Exercise: play with text-based data file

Note

Please try not just copy-n-pasting the commands provided in the hands-on exercises!! Typing (and eventually making typos) is an essential part of the learning process.

Preparation

Download this data file using the following command:

$ wget https://raw.githubusercontent.com/Donders-Institute/hpc-wiki-v2/master/docs/linux/exercise/gcutError_recon-all.log

This data file is an example output file from a freesurfer command submitted to the cluster using qsub. In this simple task we are going to try to extract some information from it using a few commands.

Your Task

Construct a Linux command pipeline to get the subject ID associated with the log file. The subejct ID is of the form Subject##, i.e Subject01, Subject02, Subject03, etc. Use one command to send input to grep, and then use grep to search for a pattern. If you’re a bit confused, take a look at the hints and the example grep command below. You’ll have to modify it to get the result you want.
Hint
- Commands separated with a pipe, the | character, send the output of the command to the left of the pipe as input to the command on the right of the pipe.
- Think back on the exercise about wildcards. grep uses something called regular expressions that are similar to wildcards, but much more extensive. For grep regexps, * and [] work the same way as they do in wildcards. For a fuller treatment of regexps, click here. For a quick example see below. You can grep for a search term in a file with something like the following:
  #example grep command $ cat file.txt | grep SEARCHTERM # where searchterm can be something like $ cat file.txt | grep "[0-9][0-9].*" # this search term would find matches in strings that start with two numbers followed by anything
If you completed Task 1, you were able to find the output you wanted, but there was much more output sent to the screen than you needed. Construct another pipeline to limit the output of grep to only the first line.

Hint

Think of a command that prints the first n lines of a file.
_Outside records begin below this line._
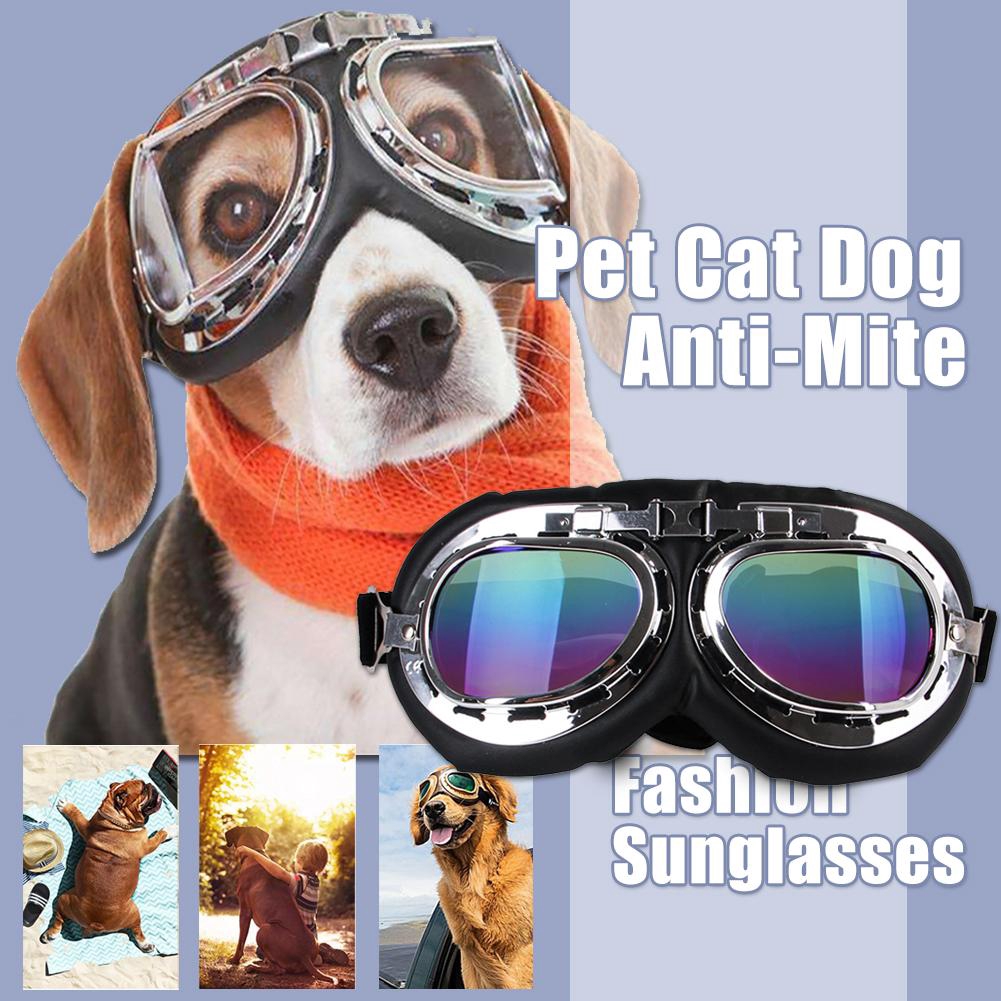 Có thể gập lại Pet Cat Dog Kính râm thời trang Dog Kính Uv Bảo vệ Di động Pet Pet điều chỉnh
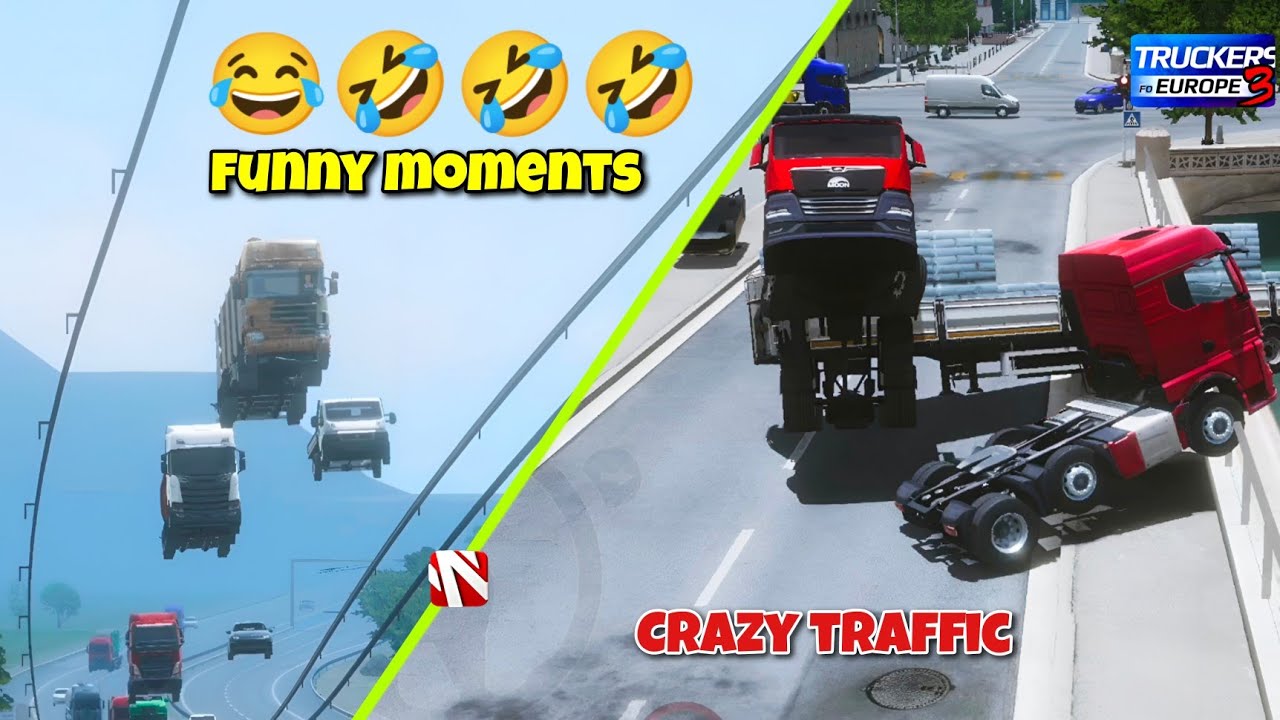 TOE3| Funny moments and Bugs 😂 | Truckers of Europe 3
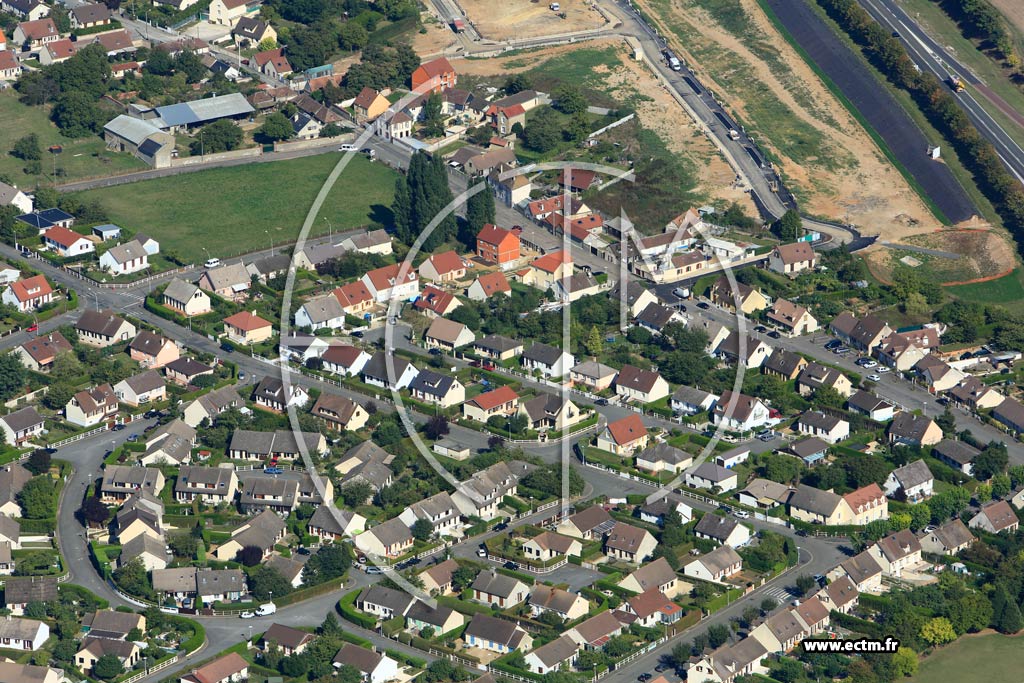 Photo arienne de Dreux (Quartier Rieuville)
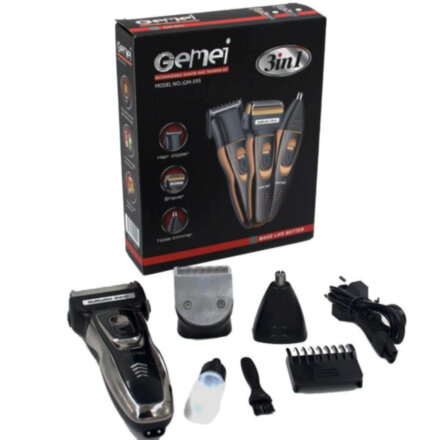 Машинка триммер для стрижки усов и бороды 3 в 1 Gemei (Geemy) GM-595 (Cronier CR-9014)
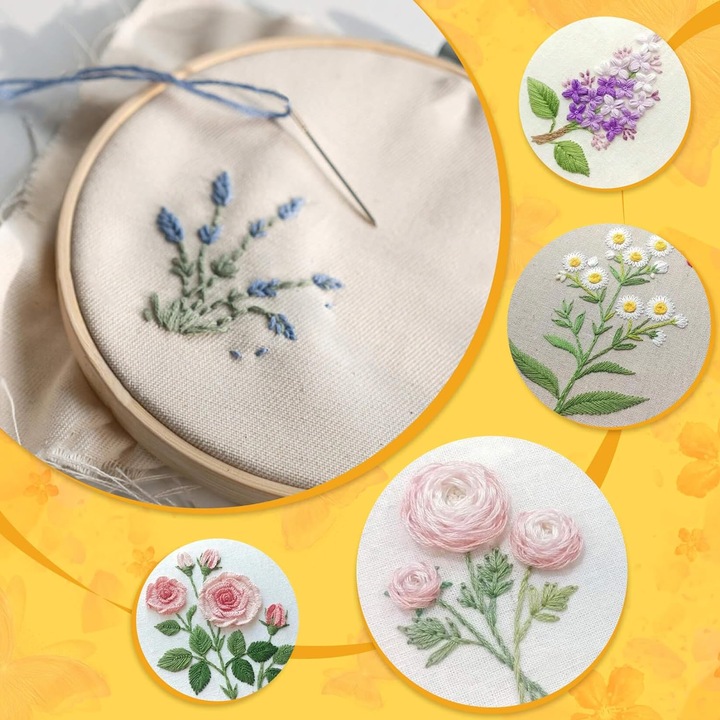 MULINA ZESTAW MULIN 150 szt KOLOROWA DO BRANSOLETEK WYSZYWANIA MULINY NICI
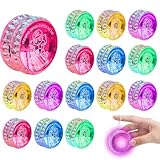 15 Stück LED Licht Jo-Jo, Kunststoff Responsive Yoyo, Leuchten Yoyos Für...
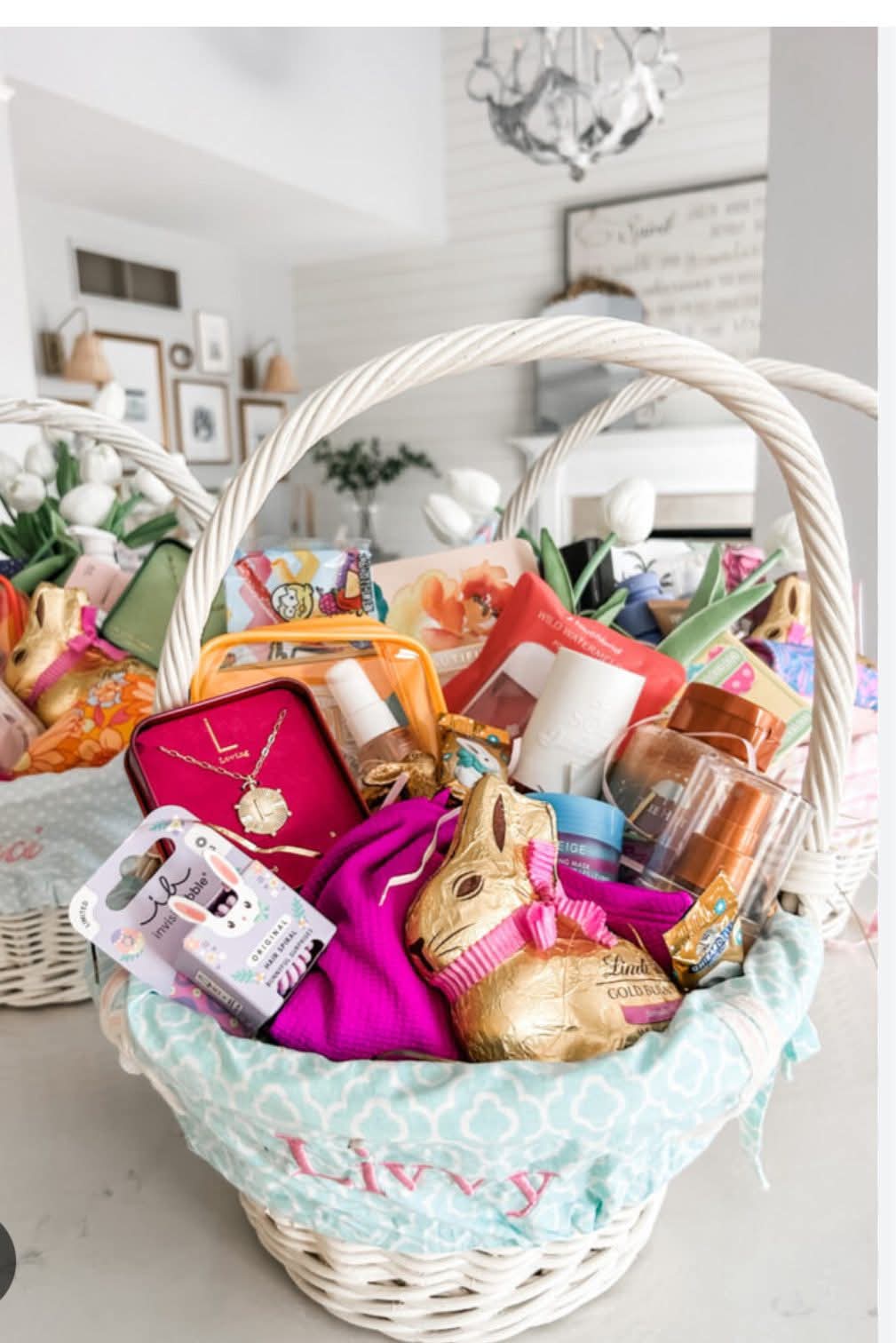 Custom Spring and Easter Basket - Child Medium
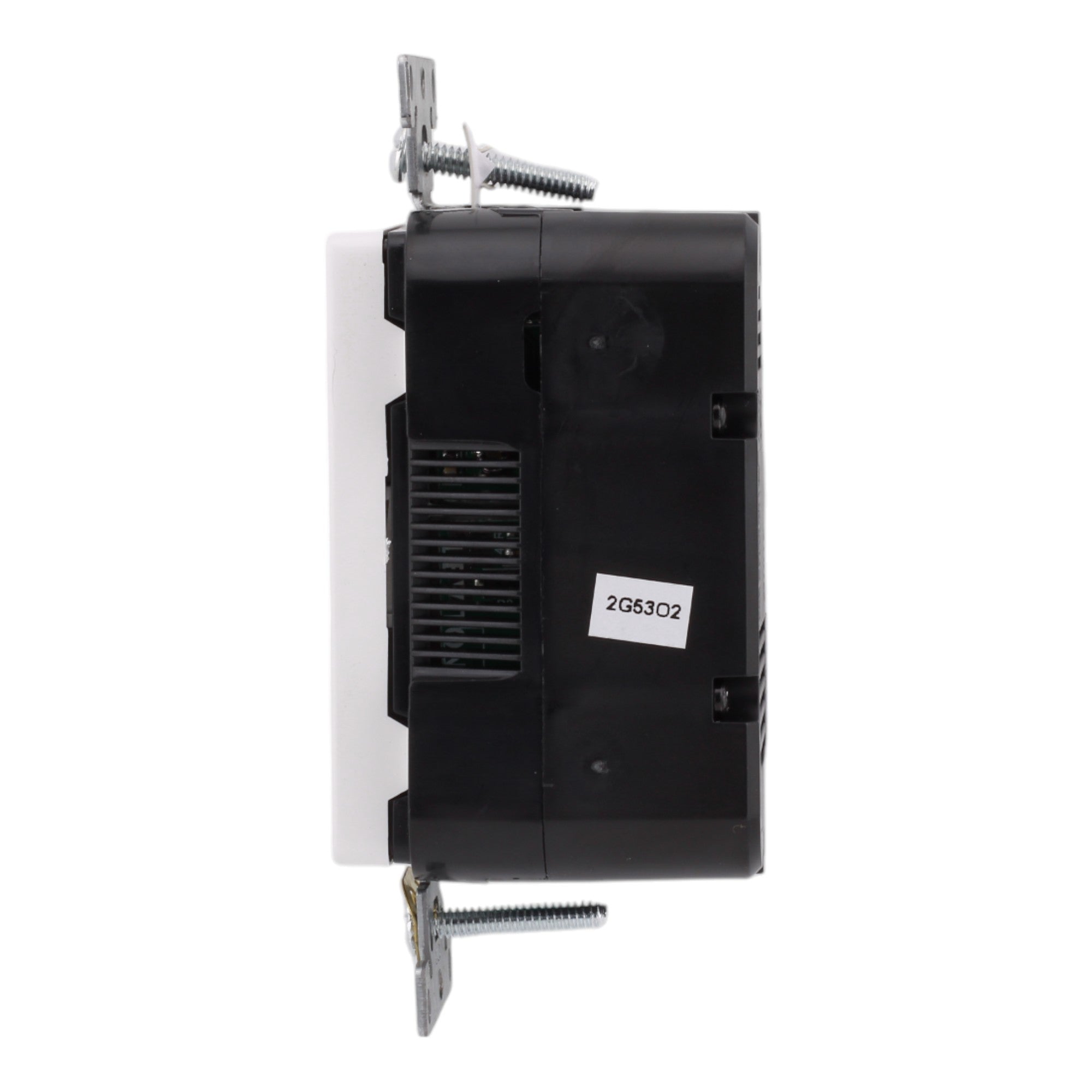 Leviton T5632-SW, 15A, 125V, Tamper-Resistant Duplex Receptacle with 3.6A USB Type-A Charger, White - Image 3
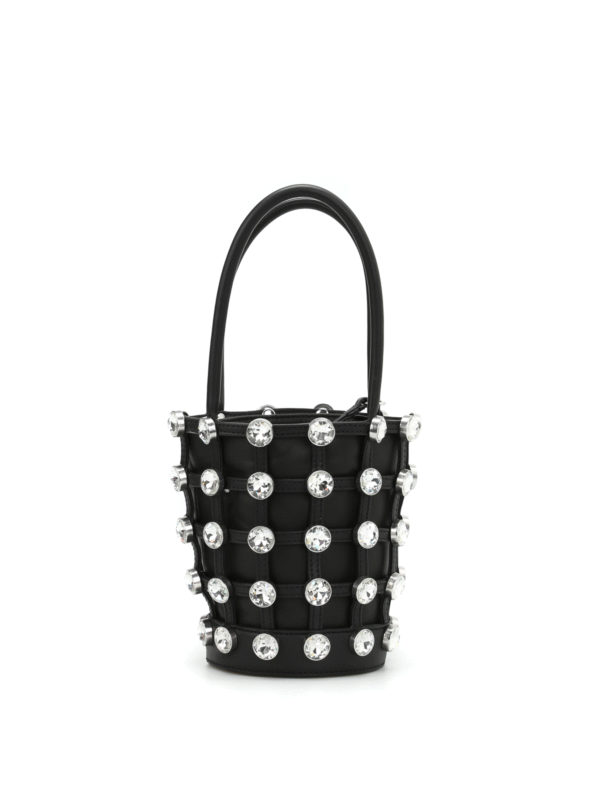 ALEXANDER WANG: Bucket bags - Roxy Mini glass stones bucket bag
You can always google the task if you can’t think of the right tool for the job.

Solution

Solution to Task 1

$ cat gcutError_recon-all.log | grep "Subject[0-9][0-9]"
/home/language/dansha/Studies/LaminarWord/SubjectData/Subject05/FreeSurfer
-subjid FreeSurfer -i /home/language/dansha/Studies/LaminarWord/SubjectData/Subject05/Scans/Anatomical/MP2RAGE/MP2RAGE.nii -all
setenv SUBJECTS_DIR /home/language/dansha/Studies/LaminarWord/SubjectData/Subject05
/home/language/dansha/Studies/LaminarWord/SubjectData/Subject05/FreeSurfer
mri_convert /home/language/dansha/Studies/LaminarWord/SubjectData/Subject05/Scans/Anatomical/MP2RAGE/MP2RAGE.nii /home/language/dansha/Studies/LaminarWord/SubjectData/Subject05/FreeSurfer/mri/orig/001.mgz
mri_convert /home/language/dansha/Studies/LaminarWord/SubjectData/Subject05/Scans/Anatomical/MP2RAGE/MP2RAGE.nii /home/language/dansha/Studies/LaminarWord/SubjectData/Subject05/FreeSurfer/mri/orig/001.mgz
reading from /home/language/dansha/Studies/LaminarWord/SubjectData/Subject05/Scans/Anatomical/MP2RAGE/MP2RAGE.nii...
writing to /home/language/dansha/Studies/LaminarWord/SubjectData/Subject05/FreeSurfer/mri/orig/001.mgz...
/home/language/dansha/Studies/LaminarWord/SubjectData/Subject05/FreeSurfer/mri/orig/001.mgz
cp /home/language/dansha/Studies/LaminarWord/SubjectData/Subject05/FreeSurfer/mri/orig/001.mgz /home/language/dansha/Studies/LaminarWord/SubjectData/Subject05/FreeSurfer/mri/rawavg.mgz

Hint

Note that you could also have run the command

$ grep "Subject[0-9][0-9]" gcutError_recon-all.log

to get the same results. The traditional unix command line tools typically provide many ways of doing the same thing. It’s up to the user to find the best way to accomplish each task. grep is an excellent tool. To learn more about what you can search, try man grep. You can also google for something like “cool stuff I can do with grep.”

Solution to Task 2

$ grep "Subject[0-9][0-9]" gcutError_recon-all.log | head -1

You could have also done

$ grep -m 1 "Subject[0-9][0-9]" gcutError_recon-all.log
$ cat gcutError_recon-all.log | grep "Subject[0-9][0-9]" | head -1
$ cat gcutError_recon-all.log | grep -m 1 "Subject[0-9][0-9]"

There are usually many ways to do the same thing. Look up the -m option in the grep man page if you’re curious!

Closing Remarks

These are just simple examples. You see the real power of the unix command line tools when you add a little, soon to come, scripting know-how. A simple example of a more powerful way to use grep is in a case where you have 543 subject logs (not impossible!), and you need to search through all of them for subjects who participated in a version of your experiment with a bad stimuli list. grep is an excellent tool for this!